Imran Khan, the puppet planted by the Pakistani Army as the nation’s Prime Minister has thought it befitting to indulge in a bit of a muscle-flexing against his masters. Speaking to media on a sunny Friday morning, Imran Khan developed the gall to say that he does not fear the Pakistani Army, as he is not a corrupt politician.
Imran Khan asserted that the government is going nowhere and that the agencies knew who was doing what and that was why those who indulged in corruption, had fear of the military, whereas Khan, as claimed by himself, was neither corrupt nor making money by doing politics. “That is why the army is standing with me. There is no tension whatsoever between the government and the army,” a report in The News International quoted Imran Khan as saying.
Imran Khan’s desperate remarks on the rogue military establishment reflects that all is not well between the puppet and his uniformed masters. The very thought of Imran Khan standing up to the Army is comic relief at best. A man who was arm-twisted into granting an extension to Gen. Bajwa, while he did not have the mandate or the authority to do so, is indicative of the lengths Khan is willing to go in order to please the Army, while also facing angry generals who oppose Bajwa’s extension.
Two weeks after the Article 370 move by the Modi government, a desperate Imran Khan as Prime Minister issued a notification granting an extension of three years to General Bajwa. However, it was then told to his office that he had no authority to do so and that an extension could be granted only by the President of Pakistan. So next, Imran Khan got the President to grant an extension to Bajwa. Here too, however, Imran didn’t have it all covered. It turned out that the President had granted an extension to Bajwa without a recommendation by Imran Khan’s cabinet. So now, Imran Khan got his cabinet’s approval and shot it off to the President. By now, the extension got challenged in Pakistan’s Supreme Court, which informed Imran Khan’s government that there was no constitutional provision to grant an ‘extension’ to a COAS. However, being the country of clowns that Pakistan is, their Supreme Court granted Bajwa an extension of six months nevertheless and directed Imran Khan’s government to frame a law for a full-fledged extension in the meantime and get it passed by the National Assembly.
Despite going unnaturally out of the way for Gen. Bajwa, for Imran Khan to now claim that he is not scared of the latter is seriously hard to believe for Pakistanis as well, and nobody is willing to buy his rhetoric of being a Prime Minister who can stand up to the military hegemony.

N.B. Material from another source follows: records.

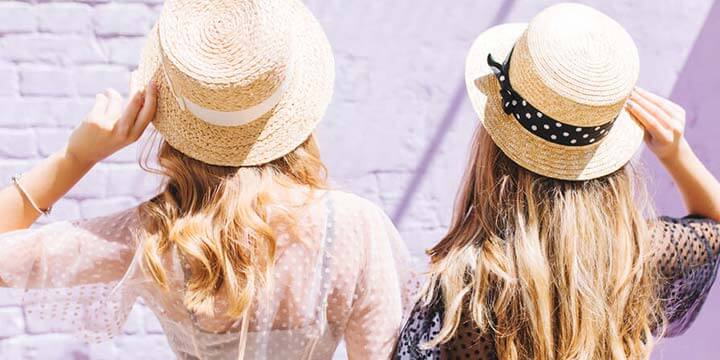 the back of two women's heads wearing summer hats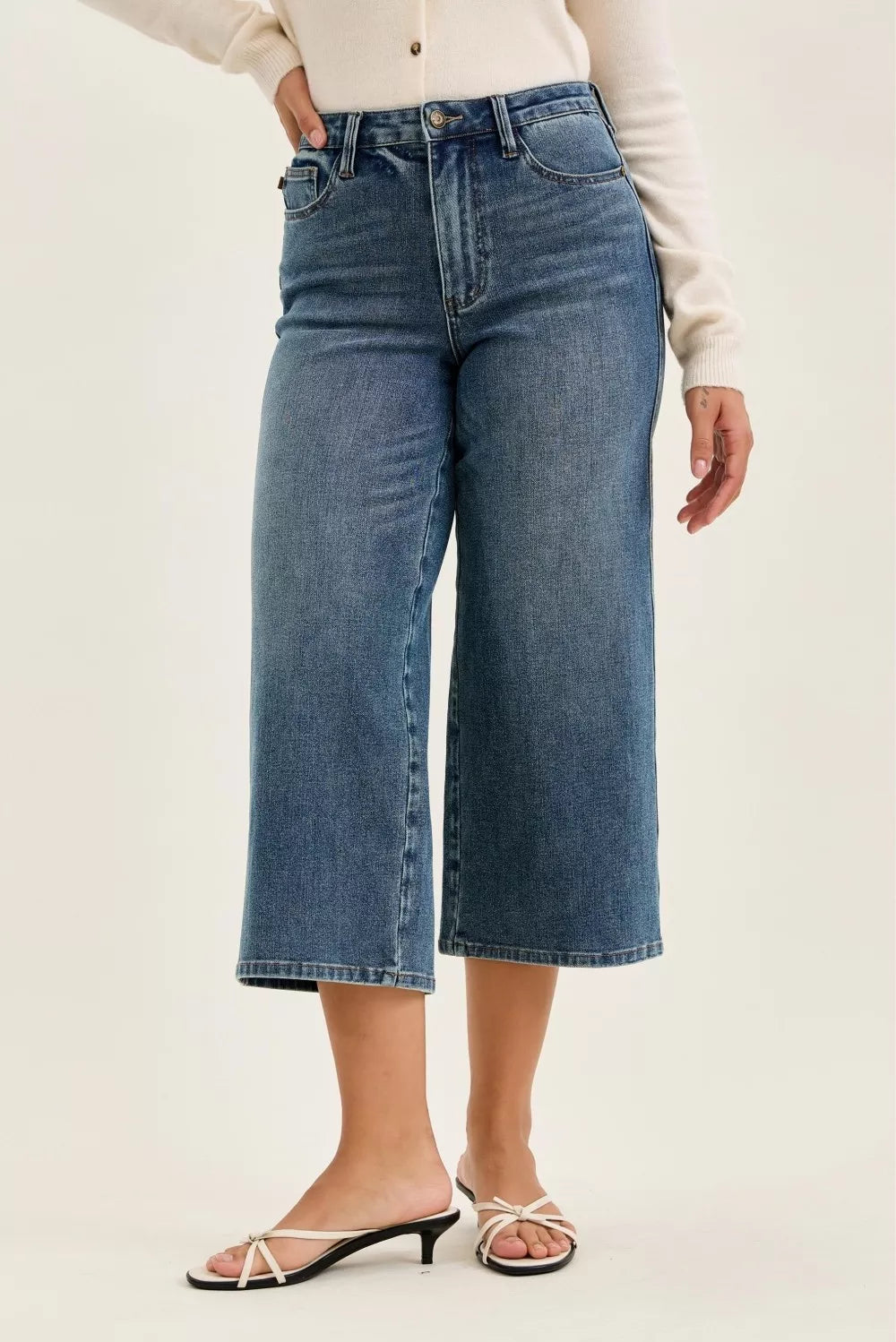 Woman wearing high waist wide crop jeans in medium wash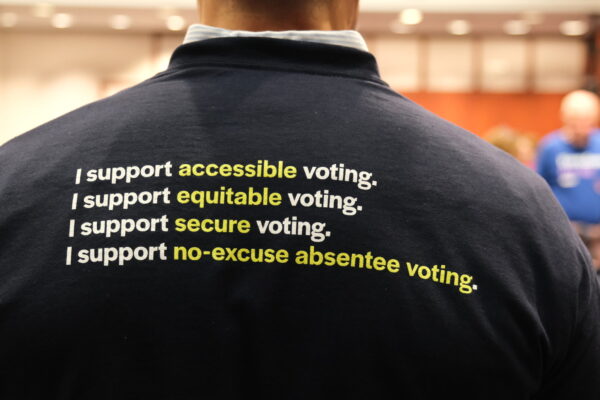 The back of Gus' shirt is navy blue and reads "I support accessible voting. I support equitable voting. I support secure voting. I support no-excuse absentee voting." in white.
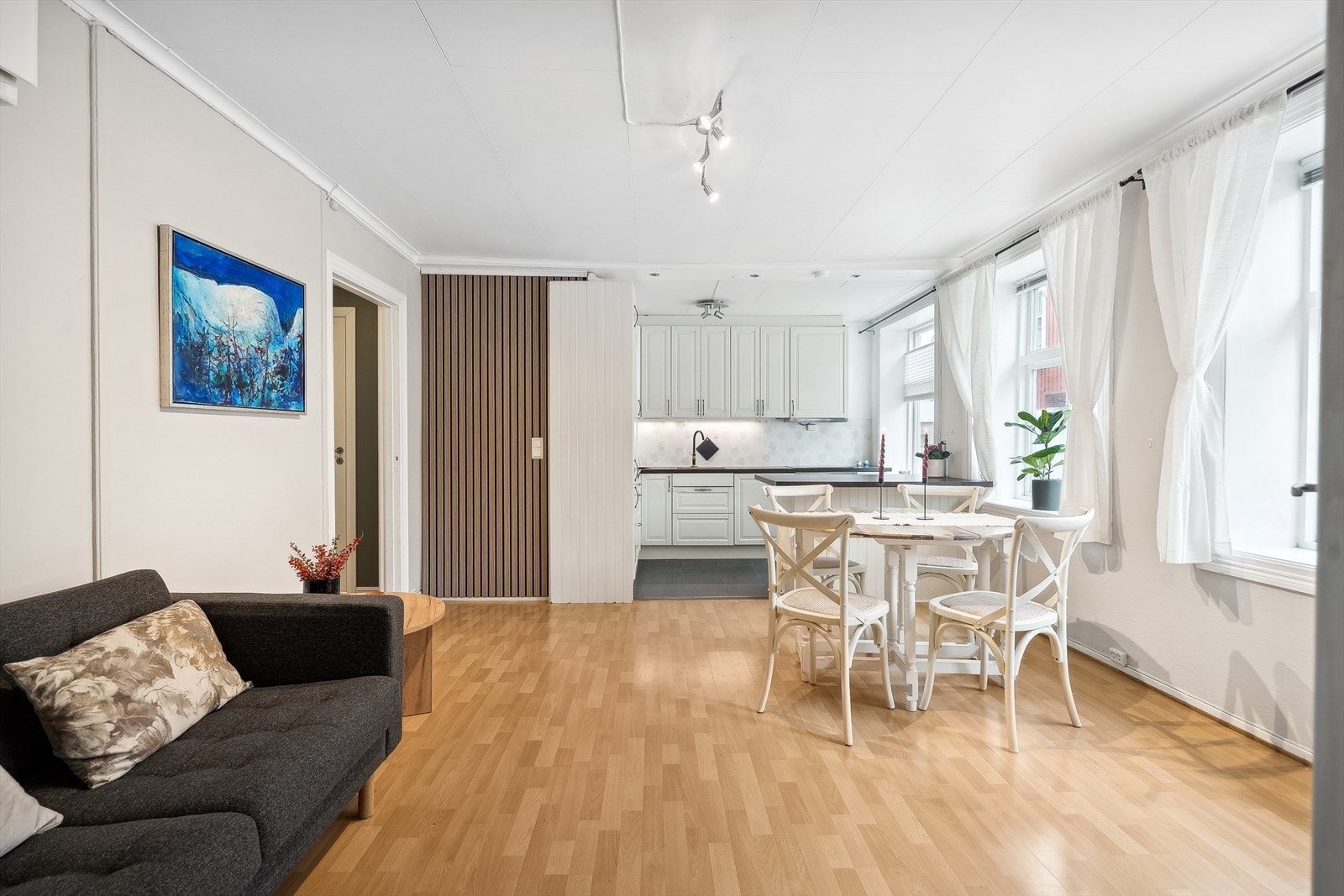 Stuen er lys og koselig. Det er parkett på gulv i fleste værelser, samt lysmalte vegger. Legg også merke til den stilige spileveggen som gir en fin kontrast til rommet. Galleribilde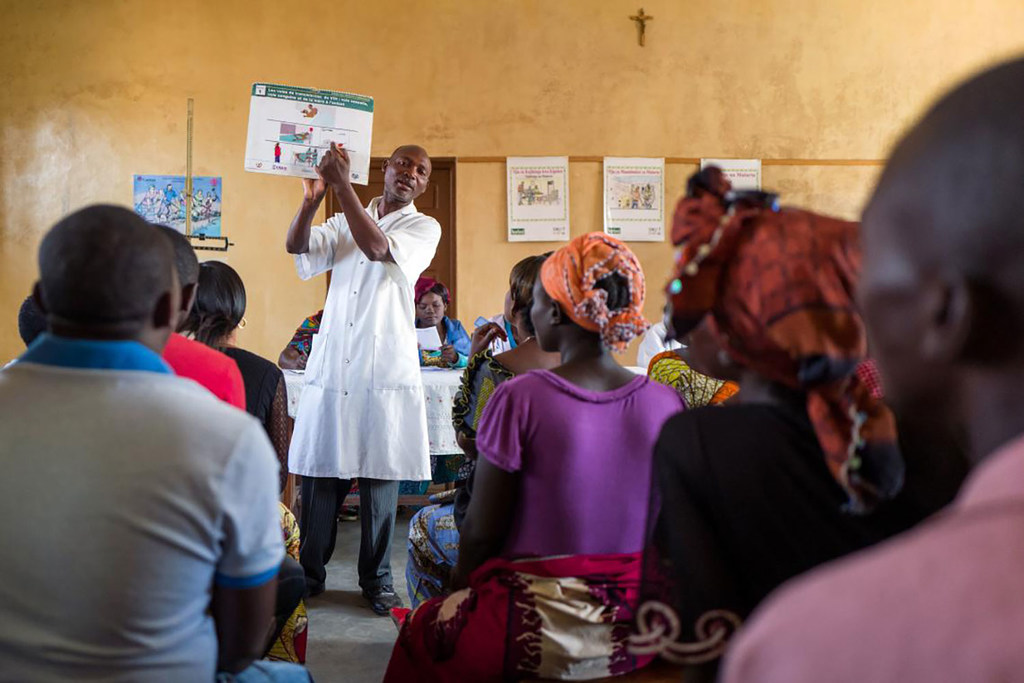 A nurse leads an awareness session on HIV transmission at a health center in the Democratic Republic of the Congo.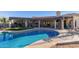 Inviting kidney-shaped pool with expansive patio area at 9446 E Romping Rd, Carefree, AZ 85377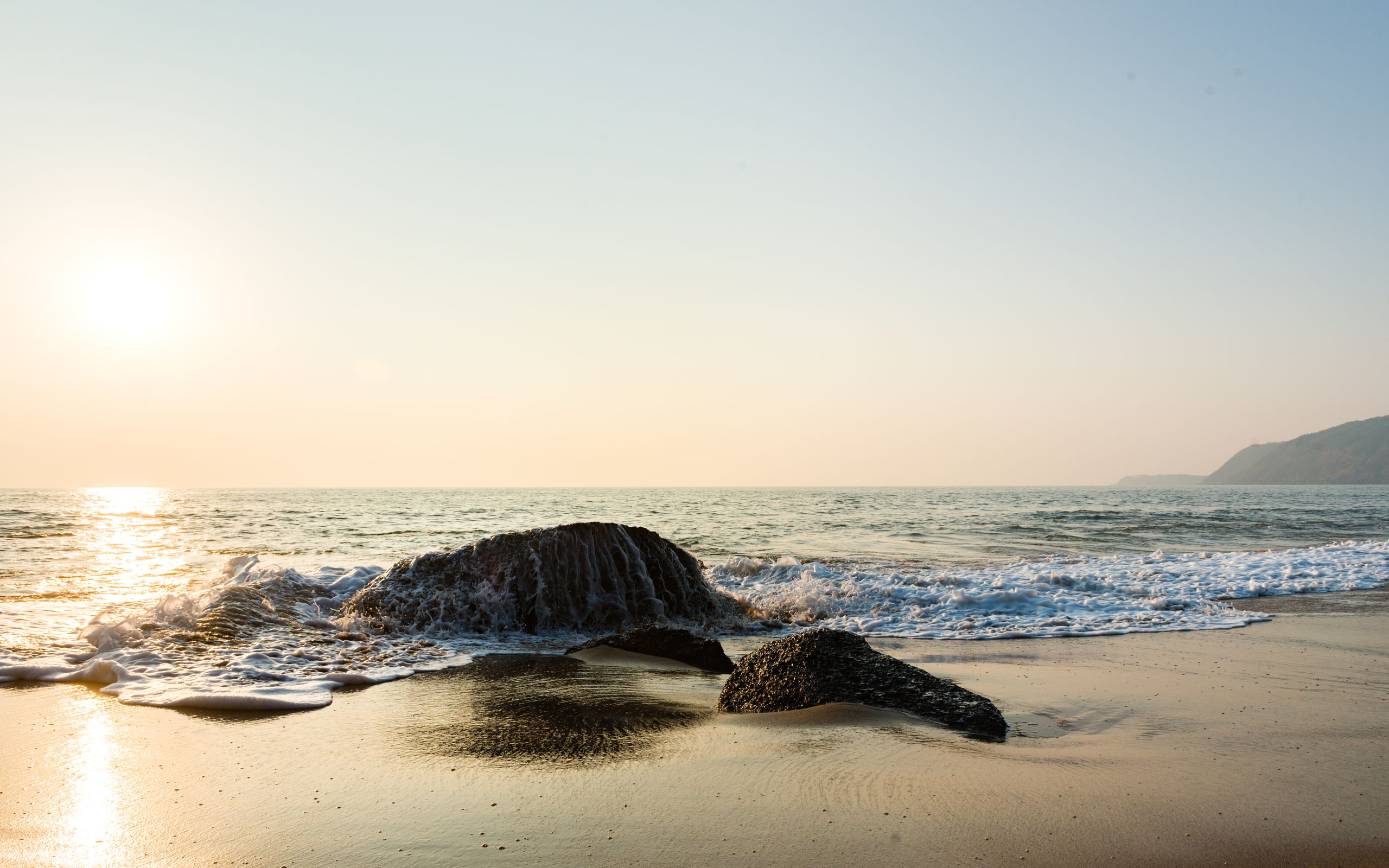 Peaceful beach view with rocks and gentle waves under a warm sunset sky.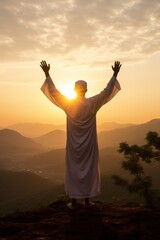 Man in white robe raising hands in sunrise prayer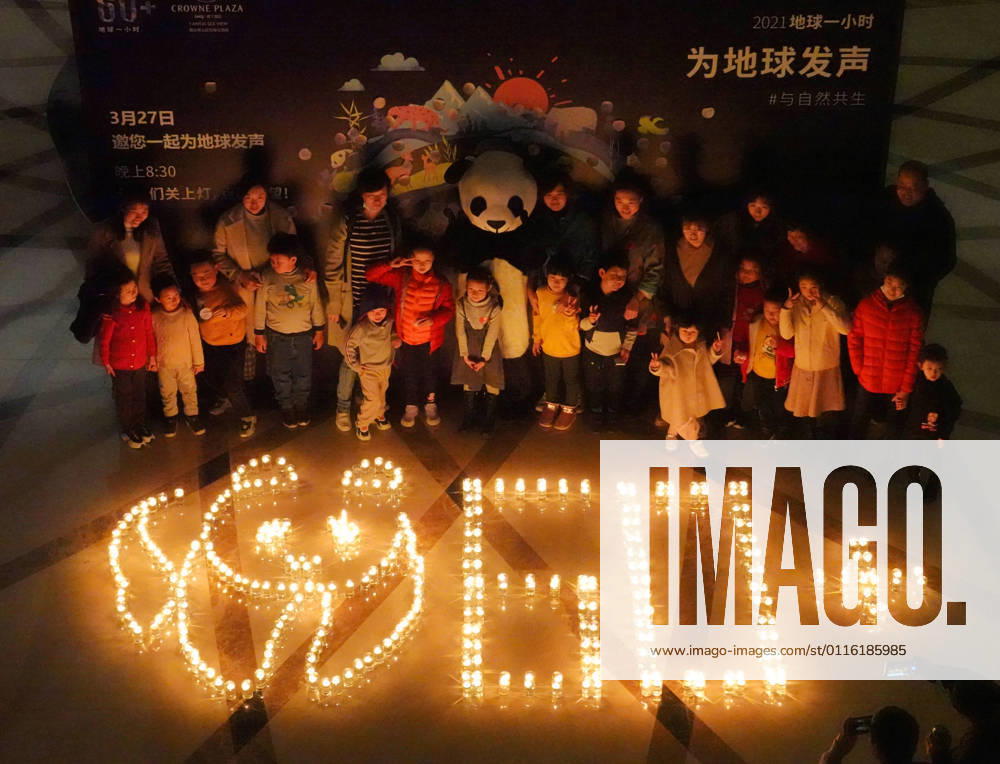 People pose with a giant panda and 60+ pattern formed by candles during Earth Hour 2021 on March 27, 2021 in Yantai, Shandong Province of China. Earth Hour 2021 is an environmental campaign organized by the World Wide Fund for Nature (WWF) to raise awareness of climate change by encouraging people to turn off lights for an hour.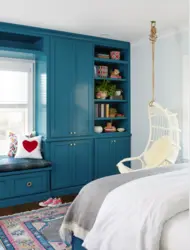 Interior with blue wardrobe in the bedroom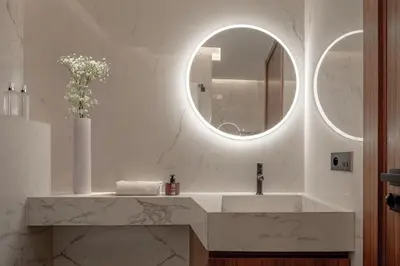 a bathroom with a sink and a mirror at Luxury 3 bedroom with private pool and spa in Marrakech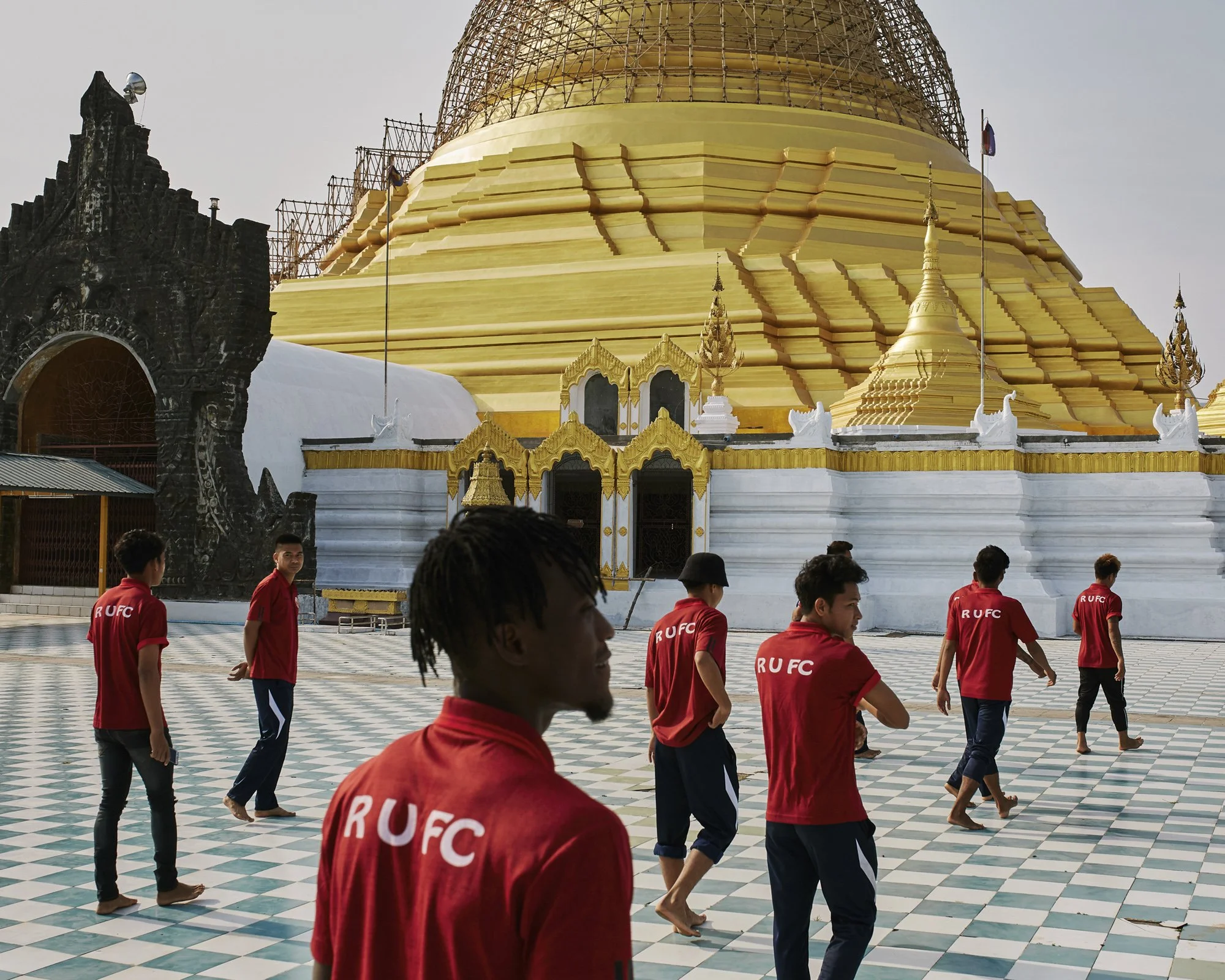 The RUFC players visit the Lawkananda pagoda of Sittwe, Rakhine State, Myanmar. April 7th 2019. © Lucien Lung / Riva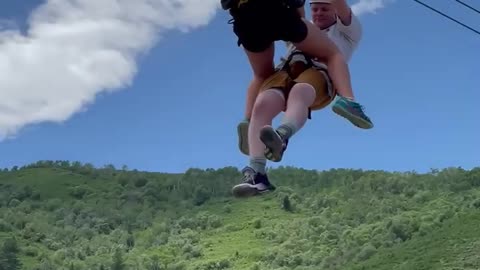 Spider-Girl Saves Man Stuck on Zipline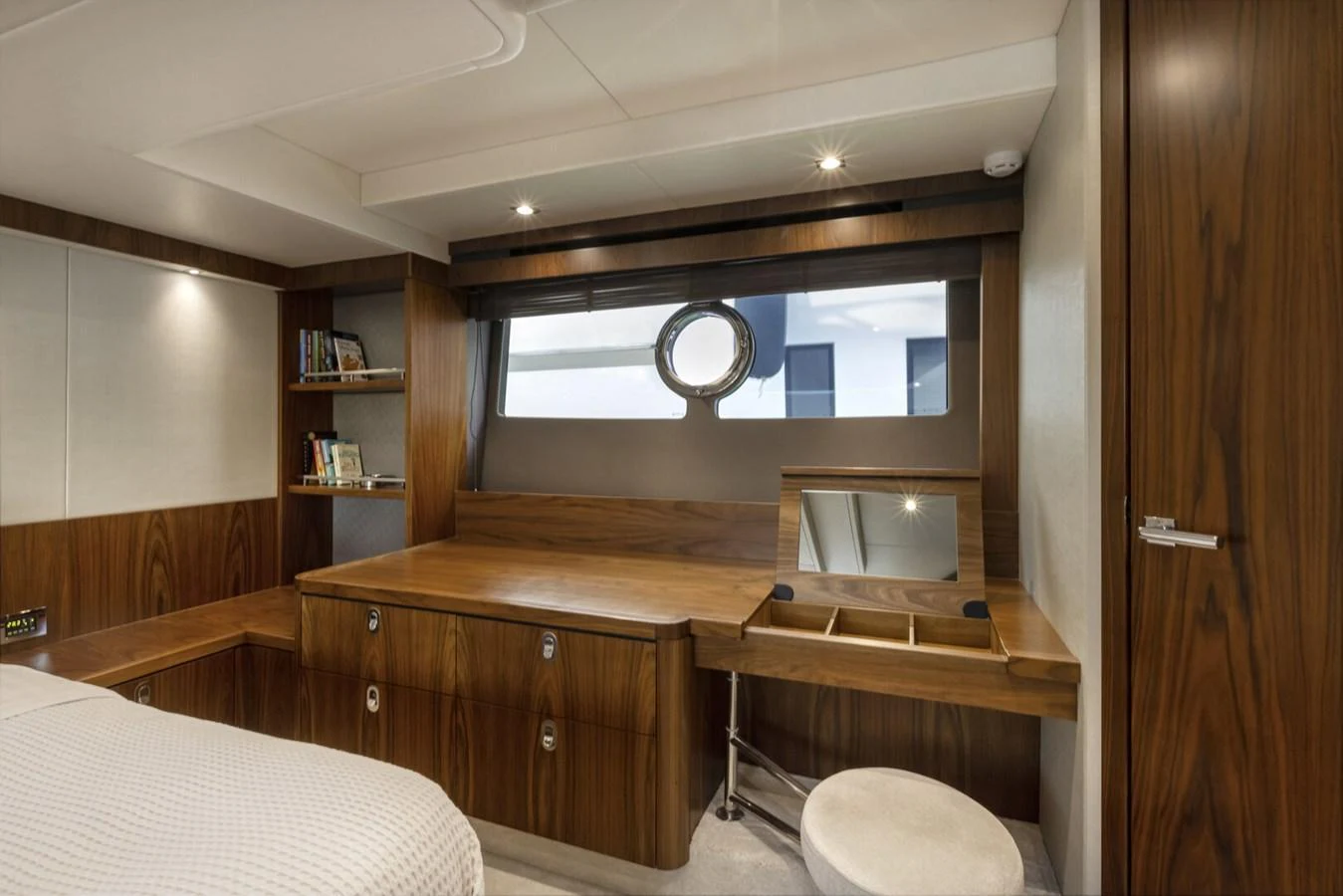 The stateroom features a sleek wooden desk area with a porthole window, creating a cozy and functional space. aboard "CORAZON DE LEON" Yacht for Sale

All is not well for Imran Khan. Only last month, the Economic Times had reported that Imran Khan had upset close to 20 generals of Pakistani Army, who were all set to be contenders for the top post in the Army over the next three years before Bajwa was gifted an extension.
Among these twenty generals is Lt. Gen Sarfraz Sattar, who was put under house arrest and forced to resign, as he was deeply upset by the unceremonious extension of Bajwa’s tenure. If not for the extension, he would now have been Pakistan’s COAS. By putting Sattar under house arrest, Imran Khan quelled one potential coup, but just how many will he be able to fight?
The Pakistani military establishment is fragmented. Ever since India abrogated Article 370, Bajwa is acting like a headless chicken, knowing not what to do next. As for Imran Khan, he has assumed the role of a broken track record, occasionally tweeting about India and Kashmir through his official handle. The entire terror network of Pakistan has been paralysed in the valley, and this has infuriated many in Imran’s backyard. Anger against Khan’s government is rising as inflation skyrockets beyond 14 per cent wherein food prices are most affected. With a crashing economy and political instability looming over Pakistan at large, Imran’s little show of strength may just act as the catalyst for the military to now overthrow him. After all, how difficult would it be for the Army, which rigged elections in his favour, to now dismiss him with one stroke?